(TASK MATERIAL Opens)

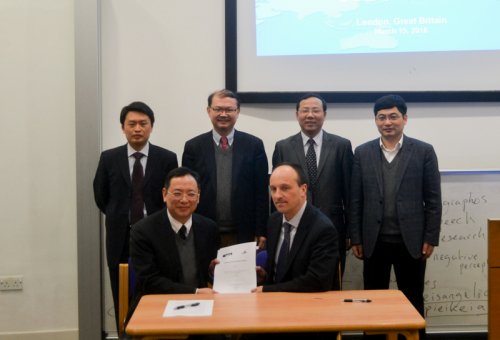  缪昌文院士代表中方单位与伦敦大学学院（UCL）签署合作协议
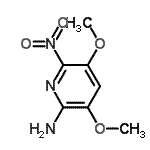 CAS#: 111451-29-7， 3,5-Dimethoxy-6-Nitro-2-Pyridinamine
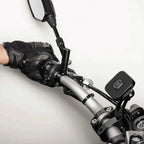 Peak Design Mobile Motorcycle Wireless Charging Bar Mount v2 - Black – Motorcycle Wireless Charging Bar Mount installed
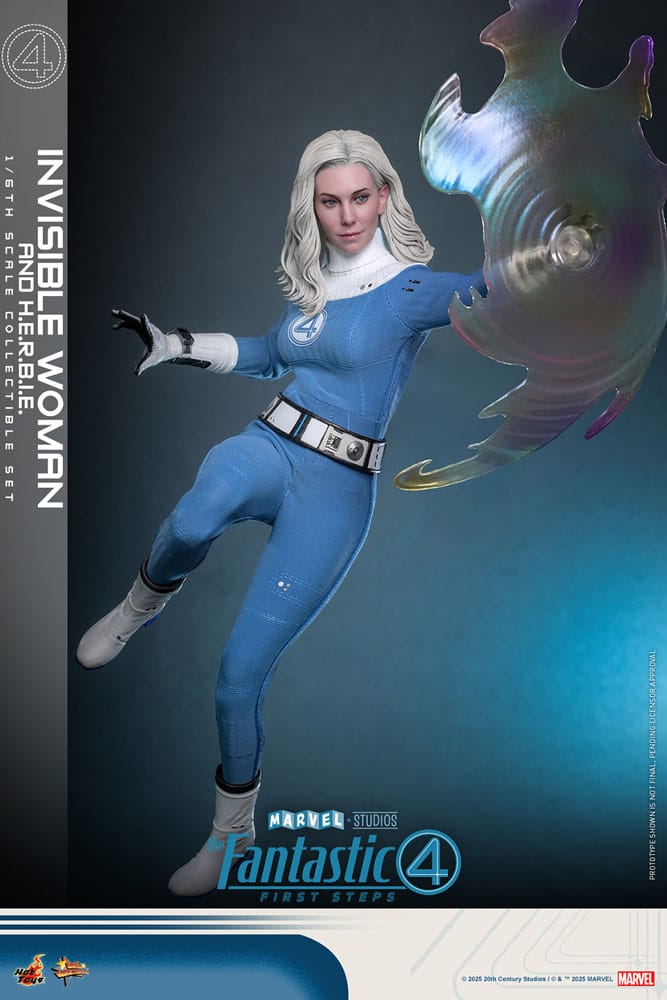 INVISIBLE WOMAN & H.E.R.B.I.E. – FIRST STEPS 1/6 FIGURES (HOT TOYS – FANTASTIC FOUR)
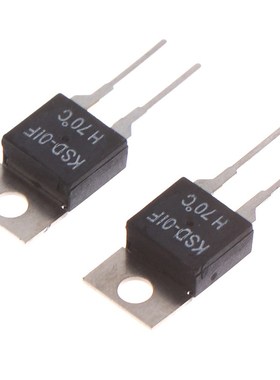 2Pcs/lot Normally Open Thermal Switch Temperature Sensor The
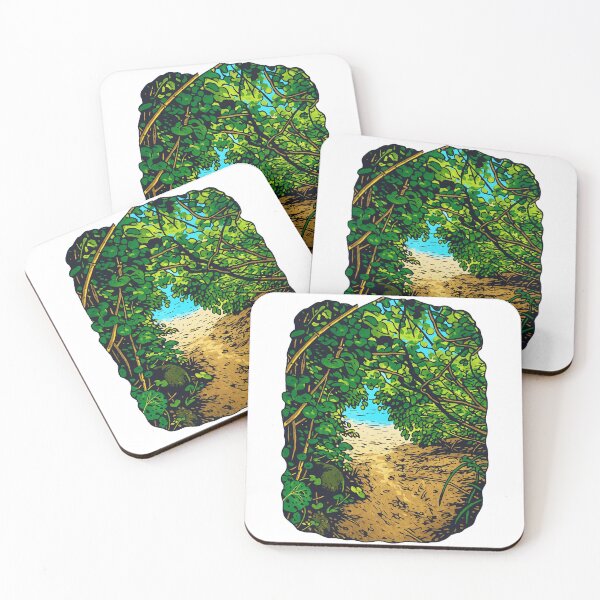 Item preview, Hidden Path to the Sea | Okinawa Coastal Forest - Tranquil Escape designed and sold by GeEeN.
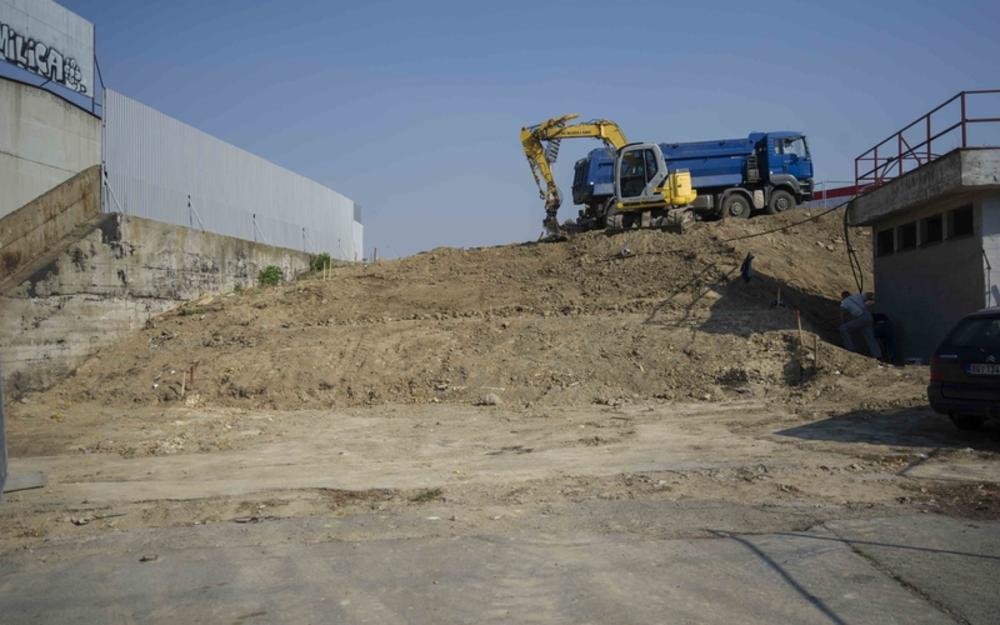 Mesto gde će biti plato namenjen navijačima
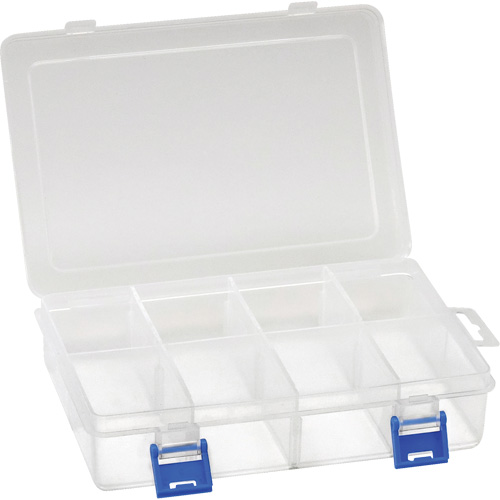 Boîte &agrave; compartiments en plastique, 5,5" la x 7,75" p x 1,75" h, 8 compartiments Infinity Industrial Services Inc.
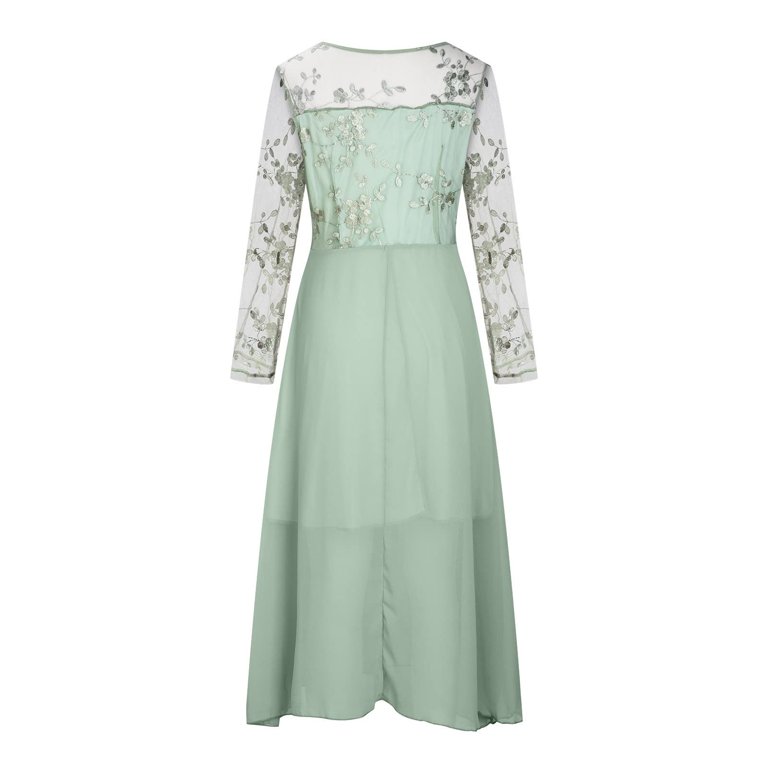 pale green cocktail dress Vintage Pale Green Party Dress – Opal Margate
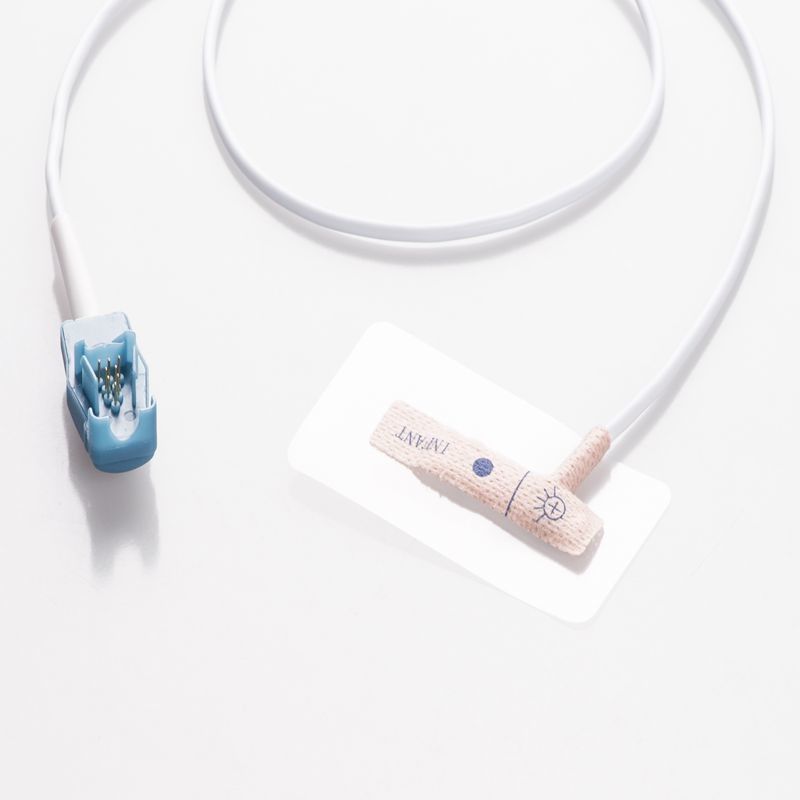 Tương thích GE OXYTIP OXY-AP dùng một lần Oximax Spo2 cảm biến kết dính 8 chân adult probe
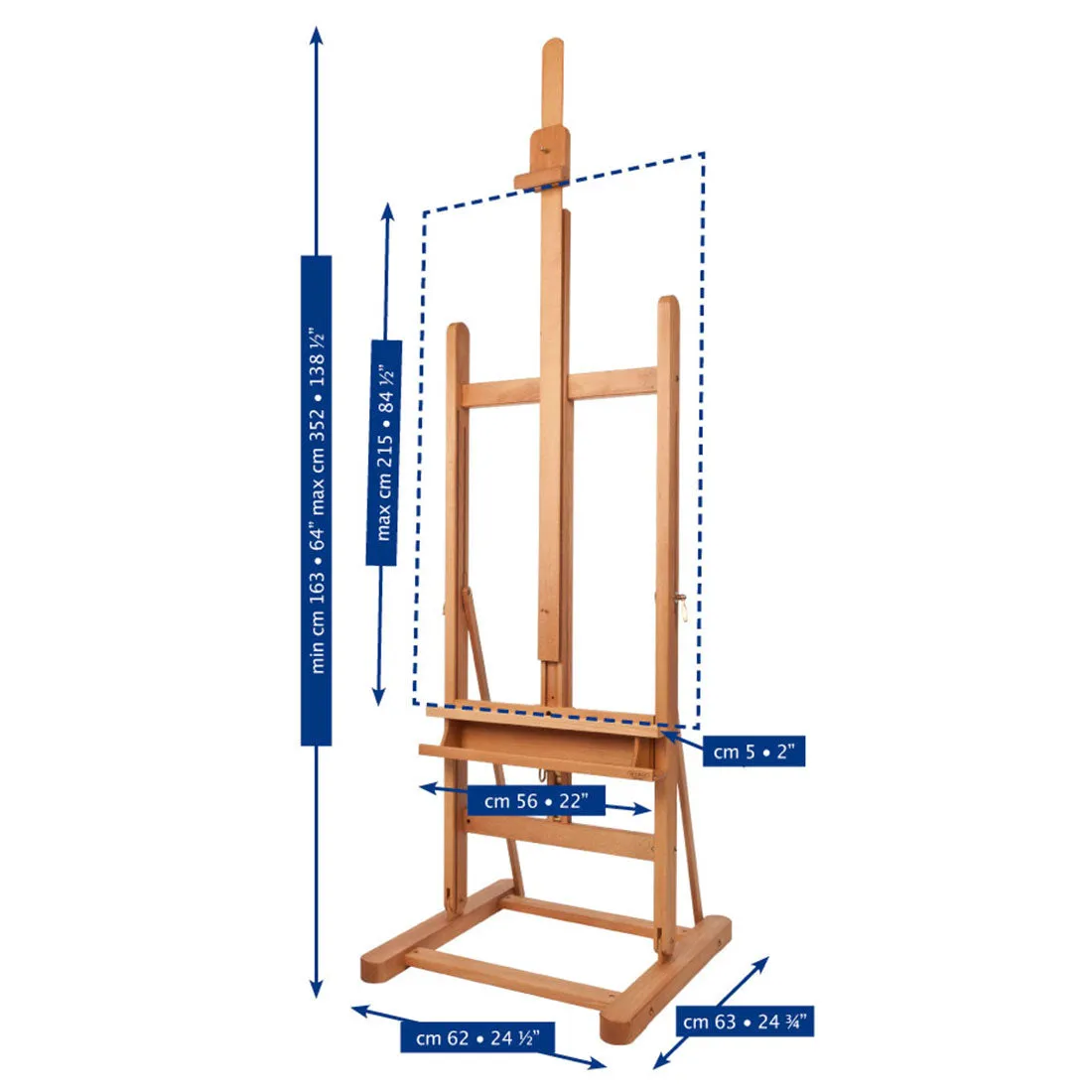 Mabef M07 Studio Easel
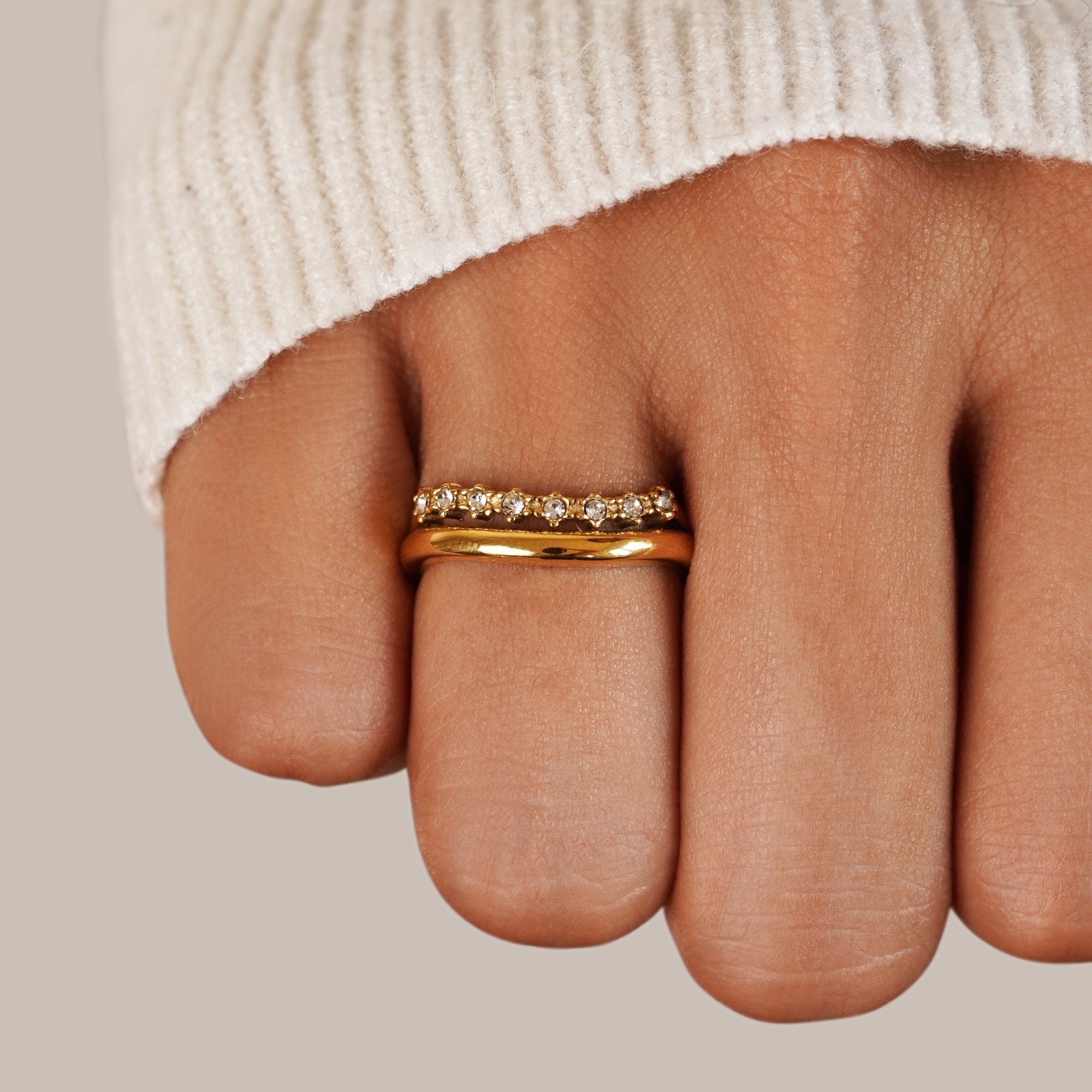Bague superposée Daria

(TASK MATERIAL Closes)

ACTIVITY :: Above are records with pictures; repeat the records exactly and leave the pictures out.

ANSWER TO THE EXERCISE ::
  缪昌文院士代表中方单位与伦敦大学学院（UCL）签署合作协议
 CAS#: 111451-29-7， 3,5-Dimethoxy-6-Nitro-2-Pyridinamine
 Peak Design Mobile Motorcycle Wireless Charging Bar Mount v2 - Black – Motorcycle Wireless Charging Bar Mount installed
 INVISIBLE WOMAN & H.E.R.B.I.E. – FIRST STEPS 1/6 FIGURES (HOT TOYS – FANTASTIC FOUR)
 2Pcs/lot Normally Open Thermal Switch Temperature Sensor The
 Item preview, Hidden Path to the Sea | Okinawa Coastal Forest - Tranquil Escape designed and sold by GeEeN.
 Mesto gde će biti plato namenjen navijačima
 Boîte &agrave; compartiments en plastique, 5,5" la x 7,75" p x 1,75" h, 8 compartiments Infinity Industrial Services Inc.
 pale green cocktail dress Vintage Pale Green Party Dress – Opal Margate
 Tương thích GE OXYTIP OXY-AP dùng một lần Oximax Spo2 cảm biến kết dính 8 chân adult probe
 Mabef M07 Studio Easel
Bague superposée Daria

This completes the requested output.